Van der Bellen schien mit der Entwicklung jedenfalls zufrieden zu sein. Auch wenn sein öffentliches Grußwort nicht den drei Parteivorsitzenden galt, sondern den Berichterstattern: „Schön, Sie wieder hier zu sehen in der Hofburg, danke für Ihr Interesse“.

In österreichischen Medien kursierten an diesem Wochenende bereits Meldungen über die künftige Verteilung der Aufgaben in der Regierung. Demnach könnte die ÖVP wie bisher den Bundeskanzler stellen sowie unter anderem das Innen-, Verteidigungs-, Landwirtschafts- und Wirtschaftsministerium besetzen.

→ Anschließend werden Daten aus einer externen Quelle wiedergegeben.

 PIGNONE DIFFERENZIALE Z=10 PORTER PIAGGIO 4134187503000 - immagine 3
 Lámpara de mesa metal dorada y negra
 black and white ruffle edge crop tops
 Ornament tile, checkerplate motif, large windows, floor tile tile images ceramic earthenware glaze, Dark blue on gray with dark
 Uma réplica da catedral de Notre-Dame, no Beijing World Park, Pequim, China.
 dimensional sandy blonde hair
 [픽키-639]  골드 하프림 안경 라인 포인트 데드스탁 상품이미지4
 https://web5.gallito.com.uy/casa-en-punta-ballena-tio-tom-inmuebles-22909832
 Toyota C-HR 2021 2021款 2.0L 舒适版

Nicht zuletzt am Streit über das Innenministerium waren die Verhandlungen zwischen FPÖ und ÖVP gescheitert. Der SPÖ fielen unter anderem das Finanz-, Sozial-, Umwelt- und Verkehrsressort zu. Die Neos sollen zwei Ministerien besetzen dürfen. Die Rede ist vom Bildungs- und dem Außenministerium, gegebenenfalls alternativ auch dem Justizministerium.

Der bisherige Außenminister und geschäftsführend amtierende Bundeskanzler Alexander Schallenberg will jedenfalls der künftigen Regierung nicht mehr angehören, wie er am Samstag mitteilte.